The most obvious source of cost is directors defending claims, and paying any judgments against or settlements agreed by defendant directors. The very essence of the D&O policy is to provide a defence to claims, and so coverage for these will be found in the main insuring clauses – don’t forget insurer consent!
There are, however, many more ways in which costs can be spent on derivative claims, and coverage for these is more likely found in the weeds of the extensions. The names of the extensions can vary, but typical labels and what they cover is as follows:
1. Derivative Demand Costs – before commencing a Derivative Claim, shareholders may petition the company to start a claim against directors directly. The Company will need to review that demand and likely take legal advice on the merit of acceding to shareholders’ requests. A Special Litigation Committee (“SLC”) of independent individuals may be formed to assess the demand. Legal costs are unavoidable.
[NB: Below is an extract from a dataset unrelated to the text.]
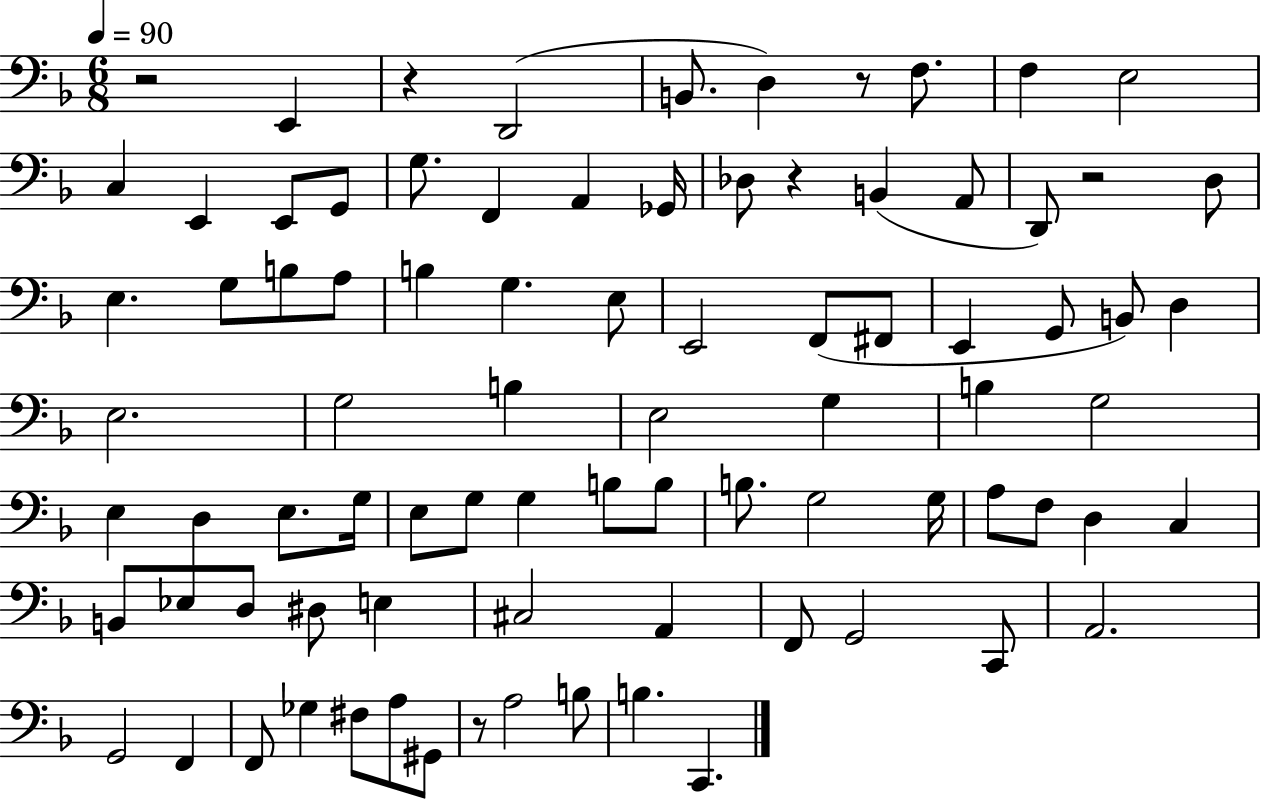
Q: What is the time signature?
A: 6/8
2. Director investigation costs – on the other side of the demand, the company or SLC may interview directors to help with their assessment of the demand’s merits. Directors will require legal advice and representation at these interviews.
3. Nominal Defendant Costs – although the claim is on behalf of the Company, the Company itself may be named as a nominal defendant, requiring some defence cost spend.
4. Costs of Shareholder – the Court may order that the Company pay the legal costs of the shareholder in bringing the claim[vii]. These are not “Defence Costs” and so require coverage from an extension.
5. Books and records costs – whilst there is (as yet) no equivalent procedure in the UK, shareholders in Delaware companies are using rights to obtain copies of company records as a way of identifying or reinforcing claims. An extension available in the market for some time now covers the costs of complying with such requests, and we wait to see whether equivalent procedures will be established and utilised in other jurisdictions.
Plainly, the lesson here is to review your policy and ensure you have what you need.
Are Limits Adequate?
Having all the policy bells and whistles in place is of limited use if the amount of cover is severely restricted financially. So, what are the considerations here?
Director defence, judgment and settlement costs will be covered via the main insuring clause, and so not subject to any sub-limits. That said, a derivative claim will almost certainly be Side A or non-indemnifiable loss in D&O terms for any damages, as the directors cannot have the benefit of a company indemnity for a claim, effectively, by the company. If insurance limits run out in the event of a large damages award, directors will be personally liable. That emphasises the need to ensure limits meet needs, including any specific cover for Side A/non-indemnifiable loss only.
The additional extensions in play may be subject to a sub-limit. How can you ensure they meet your needs? Work with your legal department to consider the potential costs for each phase, and with your broker to ensure you are pushing the sub-limits in the appropriate areas.
[i] See US$700m plus settlement, Tesla-settlement.pdf (dandodiary.com), US$167m settlement (Paramount Gets $167 Million Settlement In CBS Shareholder Lawsuit – Deadline) and US$124m settlement (Summary Notice to Stockholders of Cardinal Health, Inc. of Proposed Settlement of Stockholder Derivative Action, Settlement Hearing, and Right to Appear – Jul 22, 2022)
[ii] Under the Companies Act 2006 – section 260-269 in the UK.
[iii] Under Financial Services and Markets Act 2000 – section 90 in the UK.
[v] See, for example, Enviva Inc. – Complaint (00522532-2).DOCX (climatecasechart.com) – a Securities Class action alleging environmental based statements were misleading.
[vi] See, for example, Republican Candidate Ron DeSantis’s statement on proposed Florida legislation Governor Ron DeSantis Announces Initiatives to Protect Floridians from ESG Financial Fraud (flgov.com)
[vii] See 19.19 of the Civil Procedure Rules applying to the English Court.